Isso é arrogância minha, ou sou só um cara inteligente que sabota a si mesmo por não se mexer? (O que, se você parar para pensar, é uma forma bem requintada de burrice).
Fica difícil me levar a sério. Ok, eu sou inteligente, já provei isso para mim mesmo em vários momentos. E agora? O que vem depois? O que eu faço com o que está na minha cabeça?
Por que as pessoas que eu julgava estarem “atrás” agora parecem estar sempre à minha frente?
Eu odeio a ideia de me sentir superior. Detesto essa postura em qualquer situação e sempre a combati. Mas, se eu for revirar o fundo do meu estômago, no lugar mais cruel e honesto de mim, eu sei que carreguei esse sentimento em segredo por muito tempo. E o peso disso é sufocante.
Não nasce de uma vaidade barata, mas do medo desesperado de descobrir que o meu suposto brilho nunca passou de uma ilusão.
Lembrei-me do grito do Homem do Subsolo, de Dostoievski, que de tanto pensar e se isolar, concluiu:
“Juro-vos, senhores, que possuir uma consciência excessiva é uma doença, uma doença real e completa”.
Ele explicava que as pessoas normais, os homens de ação, vão em frente feito touros enfurecidos diante de um obstáculo. Mas o homem consciente inventa um laboratório inteiro de justificativas para ficar parado diante do muro.
Ele se convence de que o muro é legítimo, de que a inércia é o único caminho inteligente. E qual é a minha diferença para ele? Olhando no espelho, nenhuma.
Sempre achei essa passagem brilhante, mas hoje acho assustadora.
Eu sou um homem do subsolo, engolido pela minha própria lucidez.
E a culpa de eu me sentir assim, muito provavelmente, vem do eco do que me ensinaram a ser. Eu passei a vida ouvindo:
“Ah, ele é tão inteligente.”
“Ele é tão calmo.”
“Ele é tão obediente.”
Cresci tentando gabaritar esses critérios. E essas frases, que pareciam elogios inofensivos e bonitos na infância, viraram uma espécie de prisão mental.
Criaram uma expectativa tão alta que agora eu passo os meus dias tentando alimentar um fantasma, precisando me sentir especial o tempo todo só para acreditar que eu ainda existo e sou o suficiente.
Olhando para tudo isso, percebi que esse peso no estômago não era só delírio meu.

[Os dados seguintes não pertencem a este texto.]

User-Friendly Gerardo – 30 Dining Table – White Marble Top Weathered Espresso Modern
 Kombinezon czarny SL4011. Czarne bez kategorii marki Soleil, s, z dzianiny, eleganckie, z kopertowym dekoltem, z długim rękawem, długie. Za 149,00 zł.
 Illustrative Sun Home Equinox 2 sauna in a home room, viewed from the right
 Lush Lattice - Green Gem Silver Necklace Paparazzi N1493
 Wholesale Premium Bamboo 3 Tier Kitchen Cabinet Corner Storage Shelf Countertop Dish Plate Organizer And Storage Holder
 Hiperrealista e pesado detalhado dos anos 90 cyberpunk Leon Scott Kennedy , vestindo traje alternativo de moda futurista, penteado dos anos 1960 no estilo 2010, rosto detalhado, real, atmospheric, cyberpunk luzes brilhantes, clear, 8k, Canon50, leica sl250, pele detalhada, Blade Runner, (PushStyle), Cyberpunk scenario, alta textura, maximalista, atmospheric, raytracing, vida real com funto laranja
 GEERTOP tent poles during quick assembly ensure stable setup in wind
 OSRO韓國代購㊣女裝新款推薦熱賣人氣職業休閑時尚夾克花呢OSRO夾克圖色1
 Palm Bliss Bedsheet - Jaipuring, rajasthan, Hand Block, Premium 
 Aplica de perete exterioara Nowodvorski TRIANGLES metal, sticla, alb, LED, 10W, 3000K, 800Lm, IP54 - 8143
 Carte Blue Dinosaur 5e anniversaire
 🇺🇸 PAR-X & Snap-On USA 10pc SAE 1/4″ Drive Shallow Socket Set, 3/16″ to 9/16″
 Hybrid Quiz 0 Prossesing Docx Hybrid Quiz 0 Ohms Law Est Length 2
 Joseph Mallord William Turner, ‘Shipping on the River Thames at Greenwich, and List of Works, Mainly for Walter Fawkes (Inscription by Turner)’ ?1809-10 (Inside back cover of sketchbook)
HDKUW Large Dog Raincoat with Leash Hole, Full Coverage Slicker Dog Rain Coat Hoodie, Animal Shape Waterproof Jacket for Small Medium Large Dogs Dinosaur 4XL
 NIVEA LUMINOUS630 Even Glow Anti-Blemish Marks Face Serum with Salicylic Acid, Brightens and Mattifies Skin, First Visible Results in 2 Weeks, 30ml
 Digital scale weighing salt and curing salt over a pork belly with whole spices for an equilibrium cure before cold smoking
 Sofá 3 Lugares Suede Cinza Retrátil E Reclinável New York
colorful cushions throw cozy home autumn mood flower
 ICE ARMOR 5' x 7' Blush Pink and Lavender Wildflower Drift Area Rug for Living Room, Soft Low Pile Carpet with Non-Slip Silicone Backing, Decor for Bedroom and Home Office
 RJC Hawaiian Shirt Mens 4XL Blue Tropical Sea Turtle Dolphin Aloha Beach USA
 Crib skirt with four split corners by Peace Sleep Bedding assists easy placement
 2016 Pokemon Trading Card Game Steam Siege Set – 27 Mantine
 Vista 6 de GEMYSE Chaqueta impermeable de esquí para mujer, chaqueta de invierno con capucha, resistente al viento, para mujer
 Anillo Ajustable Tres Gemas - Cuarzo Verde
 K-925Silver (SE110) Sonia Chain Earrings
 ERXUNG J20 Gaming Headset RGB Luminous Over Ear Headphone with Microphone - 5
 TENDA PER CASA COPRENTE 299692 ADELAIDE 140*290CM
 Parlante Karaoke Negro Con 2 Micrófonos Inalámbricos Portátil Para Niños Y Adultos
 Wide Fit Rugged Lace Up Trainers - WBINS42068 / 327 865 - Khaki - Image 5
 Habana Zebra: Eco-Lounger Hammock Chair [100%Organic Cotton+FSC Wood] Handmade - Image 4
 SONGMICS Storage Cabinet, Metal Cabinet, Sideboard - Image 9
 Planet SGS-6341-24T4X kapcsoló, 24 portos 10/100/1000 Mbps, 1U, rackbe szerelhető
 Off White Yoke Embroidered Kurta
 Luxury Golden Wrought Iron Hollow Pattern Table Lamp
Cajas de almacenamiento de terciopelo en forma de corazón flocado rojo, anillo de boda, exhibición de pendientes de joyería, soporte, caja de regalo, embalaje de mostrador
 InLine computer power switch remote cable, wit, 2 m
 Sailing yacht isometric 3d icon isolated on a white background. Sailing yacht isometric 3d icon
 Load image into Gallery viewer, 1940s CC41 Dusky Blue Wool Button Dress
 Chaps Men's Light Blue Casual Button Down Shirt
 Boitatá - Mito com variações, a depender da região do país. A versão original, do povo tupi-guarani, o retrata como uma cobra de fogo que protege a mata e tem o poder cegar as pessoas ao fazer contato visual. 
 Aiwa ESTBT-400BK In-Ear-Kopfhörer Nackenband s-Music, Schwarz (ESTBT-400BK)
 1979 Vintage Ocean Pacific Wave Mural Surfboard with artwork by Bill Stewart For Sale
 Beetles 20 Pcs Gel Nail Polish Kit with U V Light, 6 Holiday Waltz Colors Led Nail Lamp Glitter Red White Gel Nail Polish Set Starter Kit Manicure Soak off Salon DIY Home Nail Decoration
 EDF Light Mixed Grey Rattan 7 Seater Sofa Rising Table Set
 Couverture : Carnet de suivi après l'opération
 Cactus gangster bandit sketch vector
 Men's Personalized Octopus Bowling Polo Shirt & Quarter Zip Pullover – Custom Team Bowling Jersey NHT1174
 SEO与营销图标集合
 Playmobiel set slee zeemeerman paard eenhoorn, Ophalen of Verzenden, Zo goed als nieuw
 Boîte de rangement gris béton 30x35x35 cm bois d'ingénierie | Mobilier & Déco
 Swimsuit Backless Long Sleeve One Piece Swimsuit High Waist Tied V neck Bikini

A psicologia até dá um nome para o nó: a síndrome do aluno nota dez — ou o fardo da criança prodígio.
O mecanismo é dolorosamente simples. Quando a gente cresce sendo elogiado pelo que é (inteligente, talentoso, calmo), passa a vida com medo de agir.
A mente entende que fracassar em um projeto significa deixar de ser especial. Aí, a gente paralisa. A inteligência vira uma gaiola e a versatilidade vira um escudo; preferimos não tentar nada de corpo e alma só para salvar o próprio histórico.
Eu olhava para as pessoas ao meu redor e sentia uma inveja profunda: elas simplesmente não pensavam tanto. Viam uma oportunidade, apontavam e iam. O pensamento delas acontecia no movimento, sem esse receio paralisante de parecerem idiotas no começo.
Comigo, não. Minha mente funciona como uma máquina de calcular o erro. Eu sofria por antecipação com o cansaço, a frustração e o julgamento alheio. Minha autocrítica ficou tão afiada que passei a desistir antes de começar, porque já tinha encenado o fracasso inteiro na cabeça.
Nunca foi preguiça. Eu não agia porque, enquanto não tentasse de verdade, minha capacidade continuava sendo potencialmente perfeita.
Eu ainda podia ser o cara genial que faria algo extraordinário se quisesse. Mas no momento em que eu fosse lá e fizesse, o resultado seria real, palpável e sujeito a falhas. O meu ego sempre preferiu a ilusão de um gênio intocado ao risco de encarar a própria realidade.
Fiquei tão especialista em prever o tombo que acabei desaprendendo a caminhar.
E hoje, olhando para os lados, me pego pensando... e se eu tivesse me permitido ser só mais um idiota tentando?
Se eu tivesse sustentado o erro pelo tempo suficiente para ver o que vinha depois? Fica um silêncio estranho aqui dentro. Esse gosto de quem salvou o histórico, mas passou os anos assistindo à própria vida acontecer na teoria.